The 5.6 increase in medical costs statewide is the biggest since the MN Community Measurement nonprofit started releasing cost of care data for medical groups two years ago.
The nonprofit measures costs by tallying insurance claims made by the more than 1.5 million patients enrolled in the four health plans available in Minnesota last year.
On top of being a larger increase than the 3.2 percent one highlighted in last year’s report, the uptick also far outpaces income increases for Minnesotans over the same time period.
Jim Chase, president of MN Community Measurement, said that’s a concern for families trying to keep up with medical costs.
“That’s worrisome when you think of how much pressure there is on families,” he said.
Higher costs in Greater Minnesota, where there are fewer options available to patients, are also a problem, he said.
The cost of care for insured patients at the medical groups included in the report ranged from $365 to $914 per month. Area medical facilities fell in the middle of the two marks. Mayo Clinic Health System in Mankato came in at $534 per month, a 2.9 percent increase from the previous year. Mayo facilities in St. James, Waseca and New Prague all came in lower per month — New Prague, at $461 per patient, being the lowest.

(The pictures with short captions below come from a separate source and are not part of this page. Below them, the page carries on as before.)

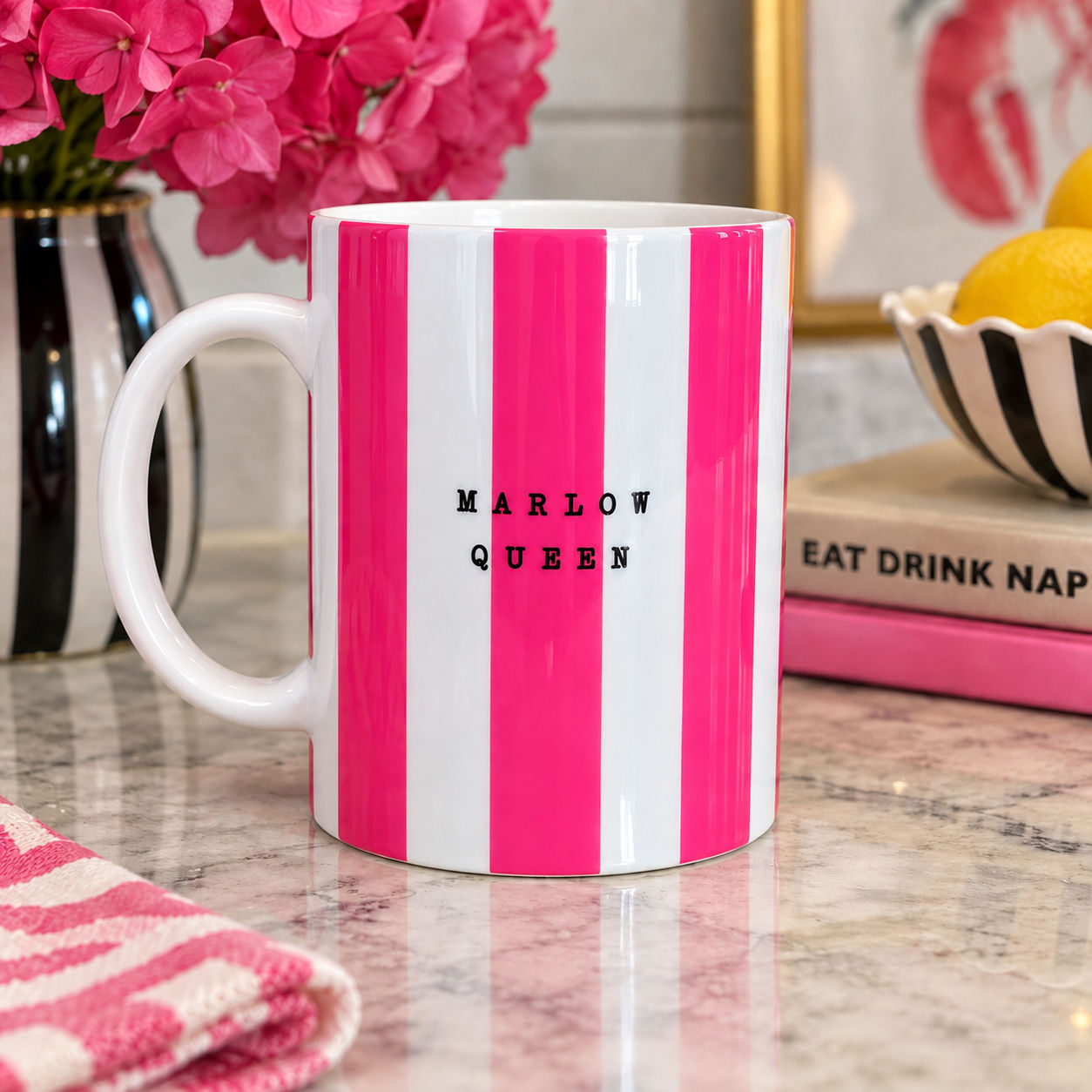 MARLOW QUEEN BONE CHINA CUP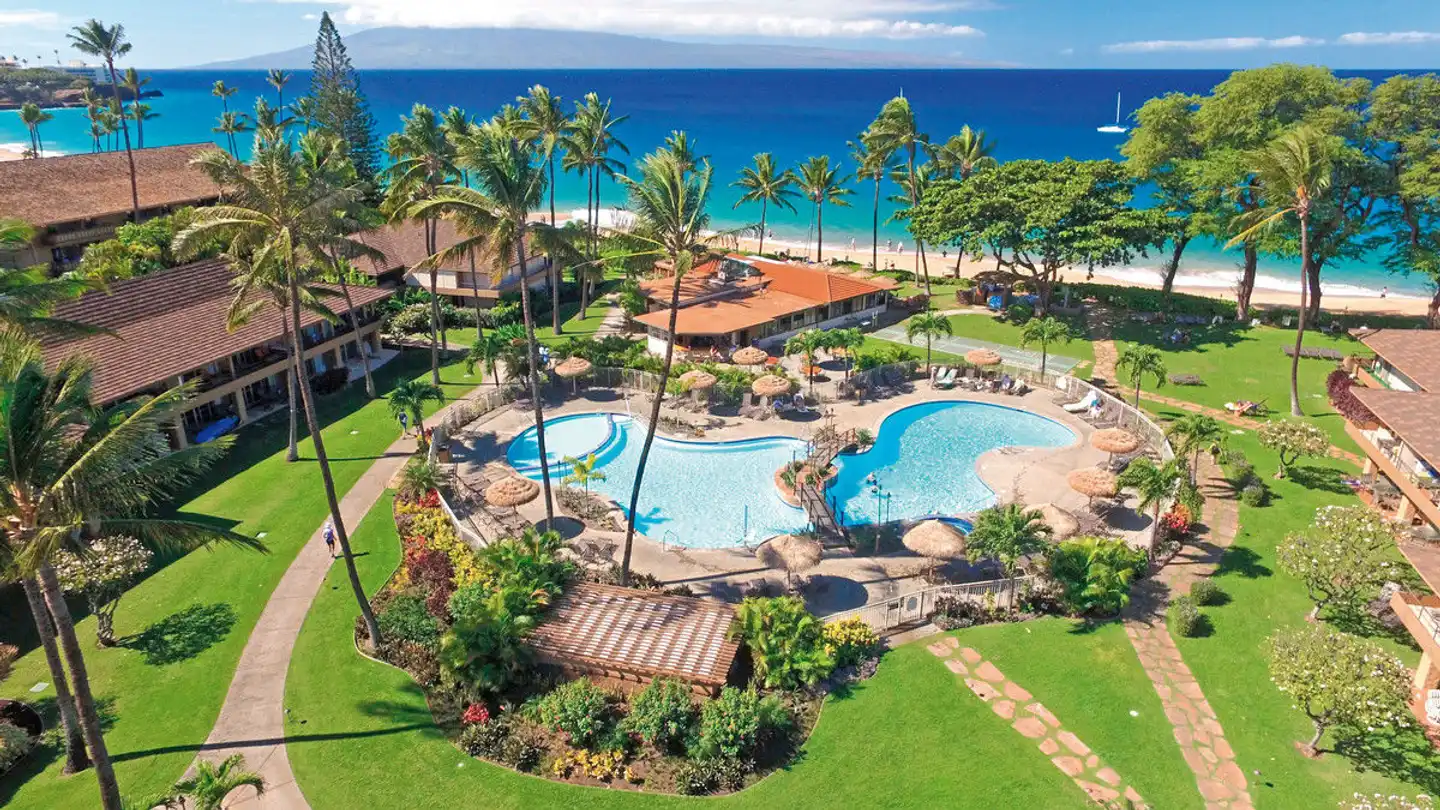 Aston Maui Kaanapali Villas Pool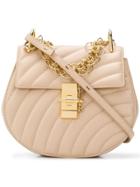 Chloé Quilted Drew Bag - Nude & Neutrals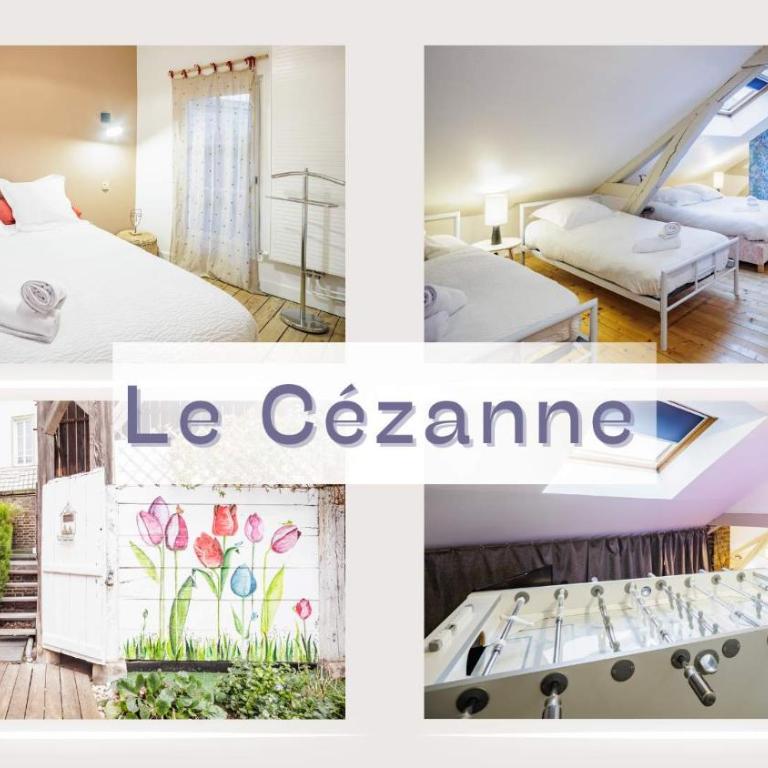 Le Cézanne - Jardin - Parking - Babyfoot - Centre-ville - Apartment mit 2 Schlafzimmern - 2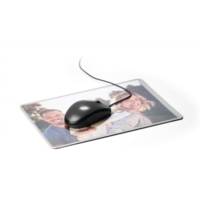 Tapis Souris Plus extra plat Transparent Personnalisable - DURABLE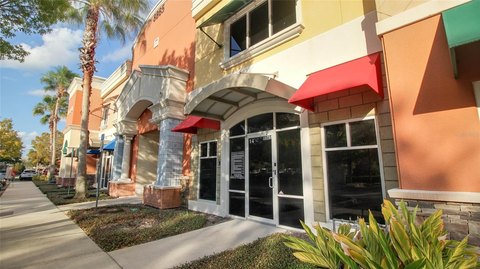 Office Unit with Shared Amenities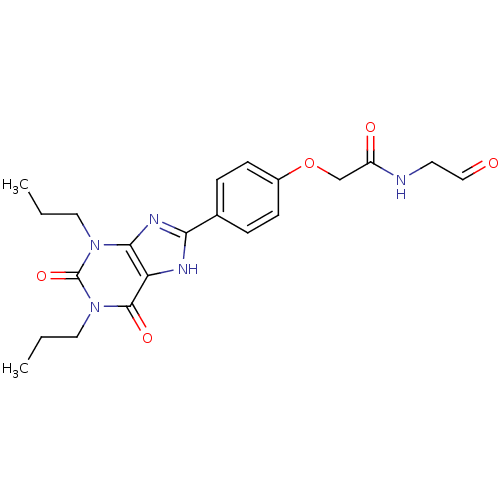 Chemical structure of BindingDB Monomer ID 50017983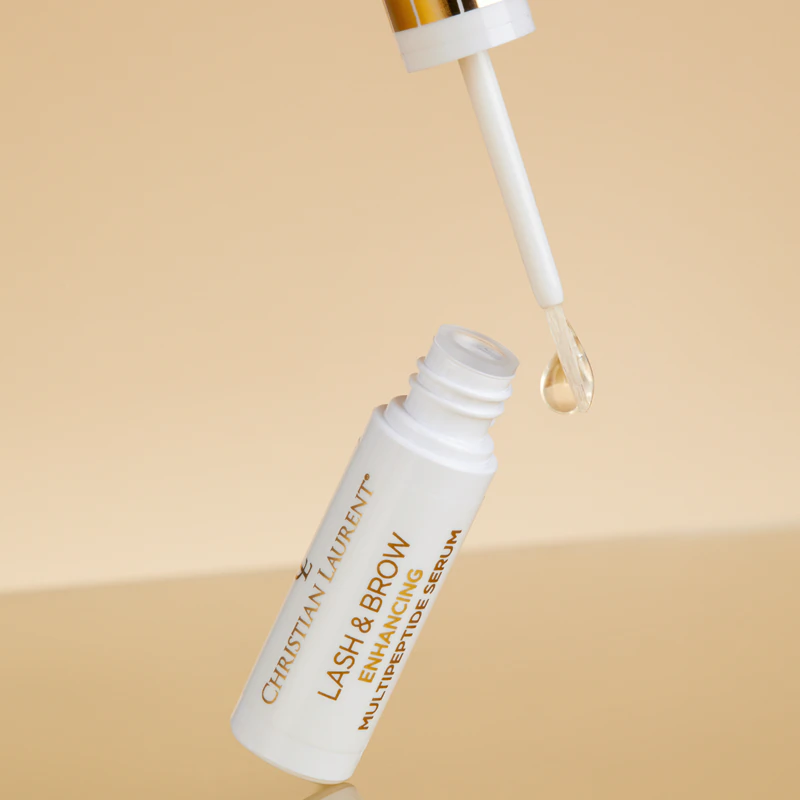 Christian Laurent Pour La Beauté Verstevigend serum voor wenkbrauwen en wimpers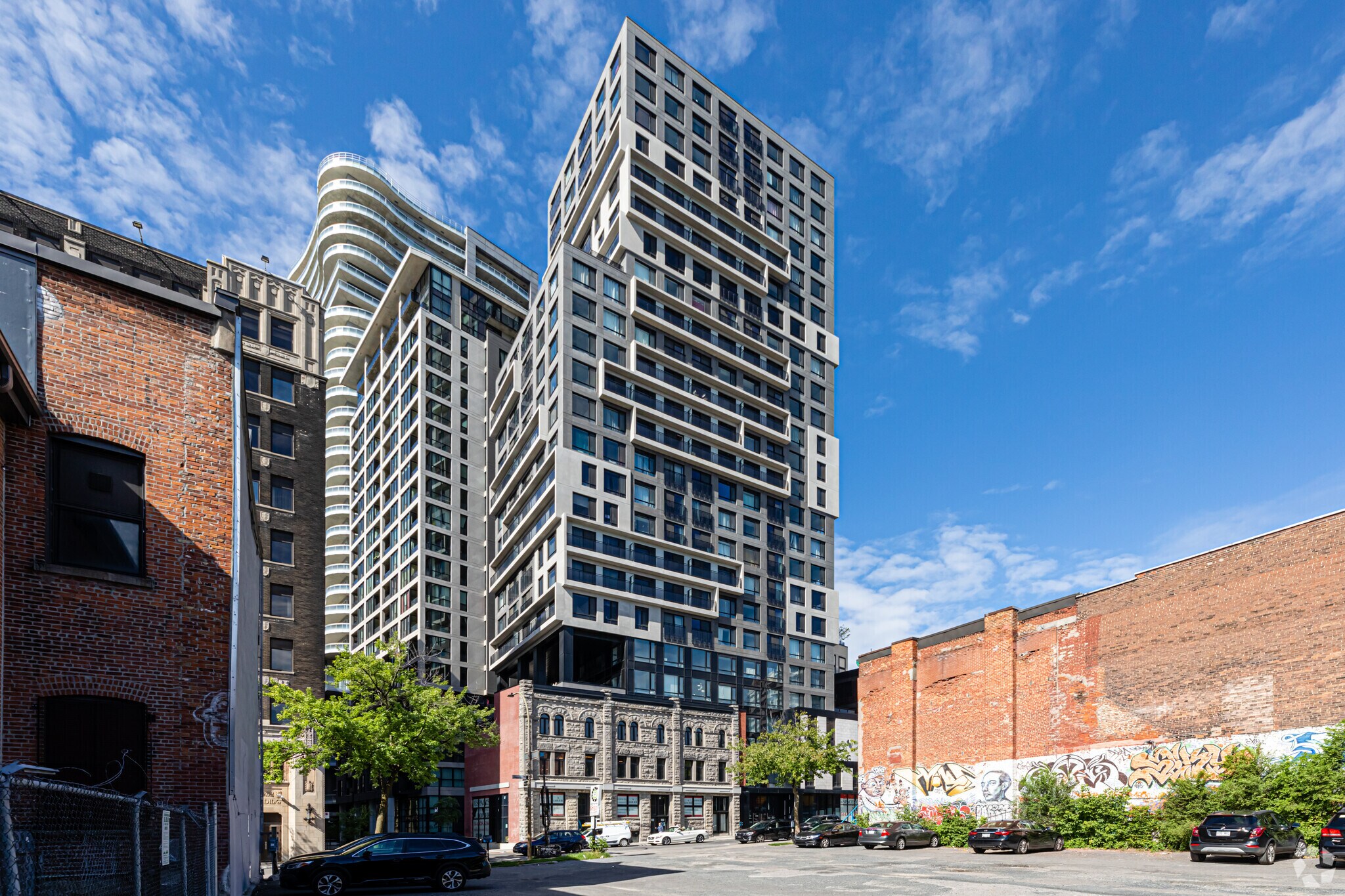 2100-2112 Rue de Bleury, Montréal, QC for sale Primary Photo- Image 1 of 1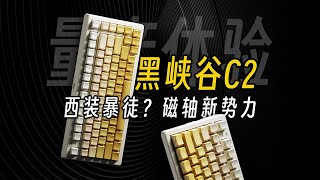 虽迟但到！300档位磁轴新势力丨黑峡谷C2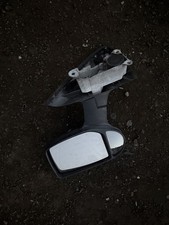 Ford Transit Mk7 Van 2006-2014 Manual Short Arm Wing Mirror Black Passenger Side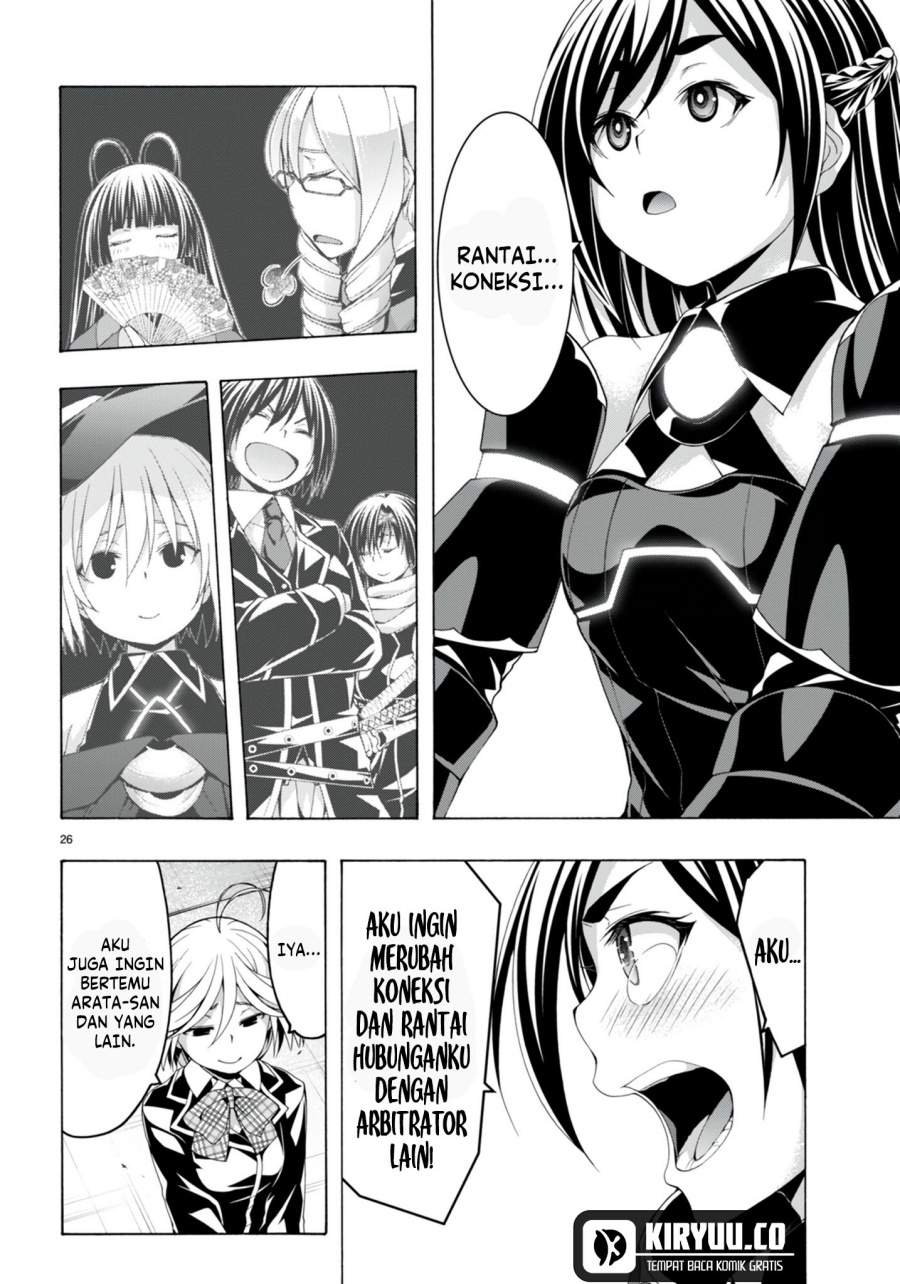 Trinity Seven Chapter 148 Gambar 27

In a statement, Mayo Clinic Health System spokesman Micah Dorfner said measuring costs for care at destination centers such as Mayo Clinic can be complicated. While the clinic supports efforts to transparently measure costs for care, distinctions should be made in the data to reflect the difference between complex care and community care. As a health system, Dorfner said steps are being taken to mitigate costs.
“Mayo Clinic Health System continues to take significant steps to manage cost of care, including improving access, reducing costs and increasing transparency,” he said.
Mankato Clinic saw a larger increase in cost of care than the Mankato Mayo over the past year — 11.7 percent — but still had a lower overall cost at $490.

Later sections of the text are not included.